The object of this week’s lessons was supposed to be about using the facts: weeding out irrelevant information, and using relevant information in support of a legal conclusion. But the conversation has evolved into the issue of questions. They are grappling with the idea that one question can yield one or more sub-questions, and they wonder whether to choose one or harmonize both.  In return they get more questions from me: “How did you see that second question? Do you need to answer it to get an answer to the original question? How does your answer to that second question help you to answer the original question? OK, so now that you have an answer to the first question, and an answer to the second question, can you write a two-sentence conclusion that answers both? How about a one-sentence conclusion?”  Some chuckle, as though this is a game we’re playing. Others wrinkle their brows, looking very unsatisfied. I think this is a struggle worth having.

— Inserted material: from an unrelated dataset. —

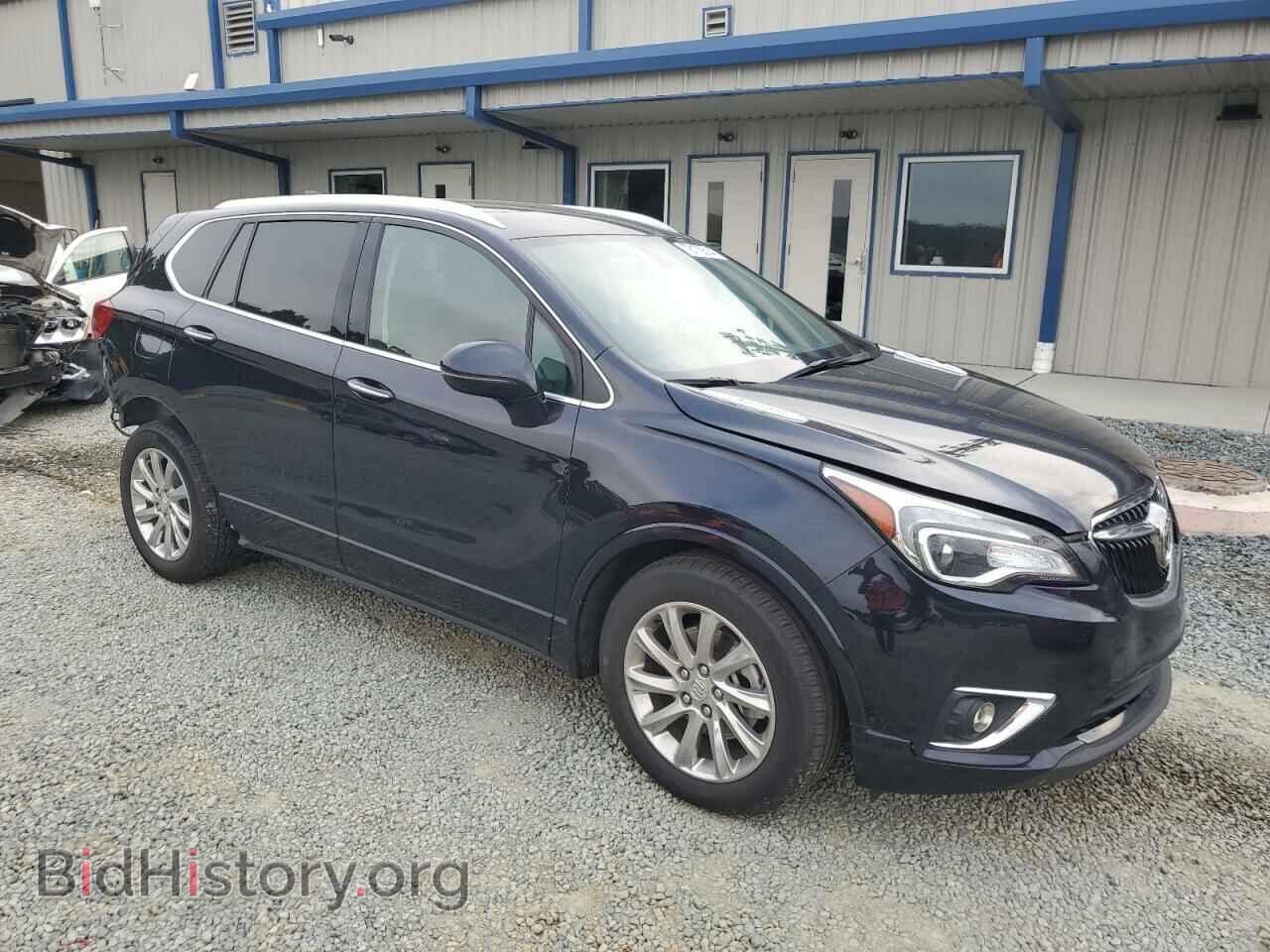 2020 BUICK ENVISION - VIN: LRBFXCSA9LD083730 - Фото 4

Questions are powerful instruments in law. Litigators use them as anglers use a series of casts, reeling information from deposition witnesses.  There’s a reason the United States Supreme Court certifies questions, and from those questions come pointed discussions about government powers or individual rights.

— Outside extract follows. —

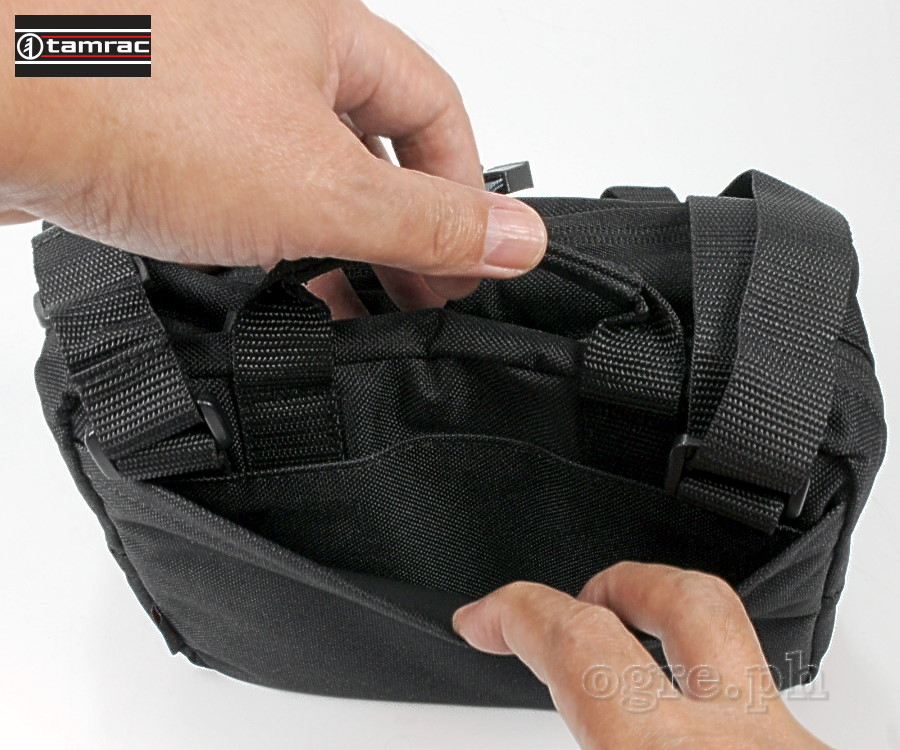 5720 Zuma Compact Camera Shoulder Bag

But questions aren’t often solitary, they work in tandem. In a memorandum or brief, questions about how to categorize facts dovetail with questions of law.  In her recent article, Conceptual blending in legal writing: Linking definitions to facts, Alissa J. Hartig identifies the high level of linguistic control it takes to form the Questions Presented in a legal memorandum. It is an exercise in marrying issues of legal doctrine with case facts, and general principles with specific definitions and problems. It requires a series of decisions about tense, voice, and perspective. At its core, it is an exercise in recognizing that questions have strata.

My international LL.Ms have encountered these outer/inner question pairings before, but perhaps have not noticed them to the degree they do now. In Williams v. Braum Ice Cream Stores, Inc., a simple question about injury from a cherry pit in ice cream turned into a question about which test Oklahoma should adopt for determining breach of warranty of merchantability. In Lefkowitz v. Great Minneapolis Surplus Store, Inc. a dispute over a rabbit fur stole turned up the question of whether a newspaper ad was an offer. My students have read these cases and successfully briefed them, but suddenly they are facing questions as Hercules faced the Hydra, wondering which head of the beast to slice first.  

So how to proceed in getting them to notice, frame, and answer these surface and sub-questions on a very basic level? What to call these pairings in the first place?  I have waffled about calling them surface questions and sub-questions, inner and outer questions, the general question and the specific question, or simply “question layers.”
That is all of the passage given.